▸ **WHAT IS BEING ASKED**:
Nothing in the records below should be altered when they are retyped.

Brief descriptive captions
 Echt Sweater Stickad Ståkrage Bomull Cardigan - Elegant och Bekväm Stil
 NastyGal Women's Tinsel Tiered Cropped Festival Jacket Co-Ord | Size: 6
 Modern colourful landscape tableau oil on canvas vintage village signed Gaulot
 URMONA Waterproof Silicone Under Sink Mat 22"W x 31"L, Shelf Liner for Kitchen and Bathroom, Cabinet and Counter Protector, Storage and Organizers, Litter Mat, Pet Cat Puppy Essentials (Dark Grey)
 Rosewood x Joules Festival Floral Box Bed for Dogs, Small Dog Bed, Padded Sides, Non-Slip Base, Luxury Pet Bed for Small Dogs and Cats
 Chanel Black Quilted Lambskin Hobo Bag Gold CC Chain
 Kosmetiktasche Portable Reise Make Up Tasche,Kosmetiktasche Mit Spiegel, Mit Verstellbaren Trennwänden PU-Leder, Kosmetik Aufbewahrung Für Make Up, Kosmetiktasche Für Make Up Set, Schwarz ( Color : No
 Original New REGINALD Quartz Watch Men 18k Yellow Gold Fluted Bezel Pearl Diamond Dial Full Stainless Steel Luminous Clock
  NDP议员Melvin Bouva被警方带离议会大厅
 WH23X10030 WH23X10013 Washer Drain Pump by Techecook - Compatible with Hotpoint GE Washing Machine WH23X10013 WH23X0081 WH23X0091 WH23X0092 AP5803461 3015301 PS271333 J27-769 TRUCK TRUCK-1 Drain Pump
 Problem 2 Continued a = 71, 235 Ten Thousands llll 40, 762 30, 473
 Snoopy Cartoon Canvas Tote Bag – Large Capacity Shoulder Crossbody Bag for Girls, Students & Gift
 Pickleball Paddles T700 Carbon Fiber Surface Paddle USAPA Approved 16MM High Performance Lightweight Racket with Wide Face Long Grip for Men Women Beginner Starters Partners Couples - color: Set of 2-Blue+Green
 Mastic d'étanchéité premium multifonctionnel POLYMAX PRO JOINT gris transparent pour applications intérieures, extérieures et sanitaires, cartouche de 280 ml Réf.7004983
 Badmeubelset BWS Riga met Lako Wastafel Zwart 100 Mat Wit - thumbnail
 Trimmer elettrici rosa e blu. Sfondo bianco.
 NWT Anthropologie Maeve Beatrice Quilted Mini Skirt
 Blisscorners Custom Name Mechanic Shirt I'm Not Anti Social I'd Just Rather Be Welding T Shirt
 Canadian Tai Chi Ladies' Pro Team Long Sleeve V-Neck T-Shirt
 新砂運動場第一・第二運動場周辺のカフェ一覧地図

▸ **RESULT OF THIS EXERCISE**:
 Echt Sweater Stickad Ståkrage Bomull Cardigan - Elegant och Bekväm Stil
 NastyGal Women's Tinsel Tiered Cropped Festival Jacket Co-Ord | Size: 6
 Modern colourful landscape tableau oil on canvas vintage village signed Gaulot
 URMONA Waterproof Silicone Under Sink Mat 22"W x 31"L, Shelf Liner for Kitchen and Bathroom, Cabinet and Counter Protector, Storage and Organizers, Litter Mat, Pet Cat Puppy Essentials (Dark Grey)
 Rosewood x Joules Festival Floral Box Bed for Dogs, Small Dog Bed, Padded Sides, Non-Slip Base, Luxury Pet Bed for Small Dogs and Cats
 Chanel Black Quilted Lambskin Hobo Bag Gold CC Chain
 Kosmetiktasche Portable Reise Make Up Tasche,Kosmetiktasche Mit Spiegel, Mit Verstellbaren Trennwänden PU-Leder, Kosmetik Aufbewahrung Für Make Up, Kosmetiktasche Für Make Up Set, Schwarz ( Color : No
 Original New REGINALD Quartz Watch Men 18k Yellow Gold Fluted Bezel Pearl Diamond Dial Full Stainless Steel Luminous Clock
  NDP议员Melvin Bouva被警方带离议会大厅
 WH23X10030 WH23X10013 Washer Drain Pump by Techecook - Compatible with Hotpoint GE Washing Machine WH23X10013 WH23X0081 WH23X0091 WH23X0092 AP5803461 3015301 PS271333 J27-769 TRUCK TRUCK-1 Drain Pump
 Problem 2 Continued a = 71, 235 Ten Thousands llll 40, 762 30, 473
 Snoopy Cartoon Canvas Tote Bag – Large Capacity Shoulder Crossbody Bag for Girls, Students & Gift
 Pickleball Paddles T700 Carbon Fiber Surface Paddle USAPA Approved 16MM High Performance Lightweight Racket with Wide Face Long Grip for Men Women Beginner Starters Partners Couples - color: Set of 2-Blue+Green
 Mastic d'étanchéité premium multifonctionnel POLYMAX PRO JOINT gris transparent pour applications intérieures, extérieures et sanitaires, cartouche de 280 ml Réf.7004983
 Badmeubelset BWS Riga met Lako Wastafel Zwart 100 Mat Wit - thumbnail
 Trimmer elettrici rosa e blu. Sfondo bianco.
 NWT Anthropologie Maeve Beatrice Quilted Mini Skirt
 Blisscorners Custom Name Mechanic Shirt I'm Not Anti Social I'd Just Rather Be Welding T Shirt
 Canadian Tai Chi Ladies' Pro Team Long Sleeve V-Neck T-Shirt
 新砂運動場第一・第二運動場周辺のカフェ一覧地図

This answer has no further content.